After watching the Inside Sim Racing review on YouTube, they REALLY have me sold on this thing! Any advice to my questions above would be greatly appreciated. Thank you
 
Last edited:
Hey @whaletail, come back and share how you get on. Steel plate around 4-5mm can work quite well with the units attached to this with then isolators below on a supported upright. You may even want to use a thin layer of rubber material between the unit and the steel plate. People in the past I helped with 80/20 found good results with something like this:

Steel Plate with Rubber Layer / Tactile Attached / Isolators / Support Upright / Main Cockpit Frame / Isolators / Floor

Isolators can greatly improve how the tactile will feel and help maintain it in the frame, no question about that. Having the tactile pass into the pedals/seat regions prior to it being able to travel in various directions could also make a difference too. Various things are worth trying especially with 80/20 being easily altered.

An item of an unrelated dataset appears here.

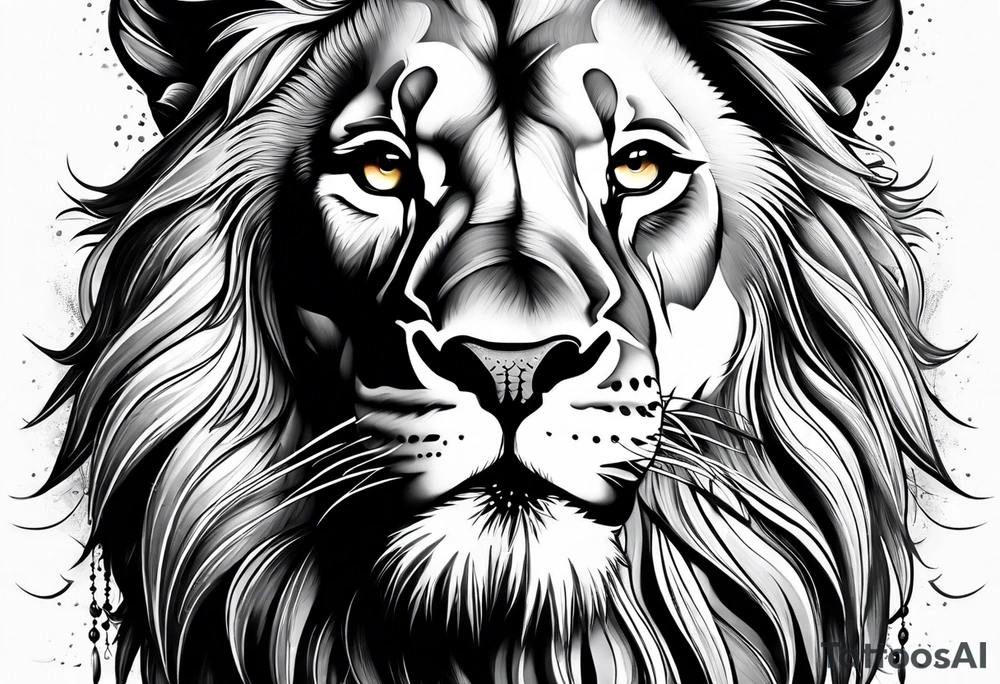 powerful majestic lion, close-up tattoo idea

Im keen to learn more of the BST-1 abilities if you get around sometime to testing or giving your views on it.

@SOLO59 and further updates?
 
Upvote 0
@whaletail thank you for the advice regarding the wiring of the shakers/amp. Mr. Latte helped me with that one already.

@Mr Latte sorry for the late update. The ADX bass shakers came in the mail last week Tuesday. I spent that afternoon rearranging my racing cockpit to accommodate the new bass shakers. It was a pain and very time consuming!
I also had work that day and worked until Friday morning.

I didn't get to really test the bass shakers until the next day and only spent 5 minutes with it. One word describes my experience with just the stock settings, "WOOOOOOOOOOOOW!" It feels very accurate and immersive! Over the weekend, I spent some valuable time with the simvibe software. I am beginning to familiarize myself with it. Its easy to use after exploring and using it a few times.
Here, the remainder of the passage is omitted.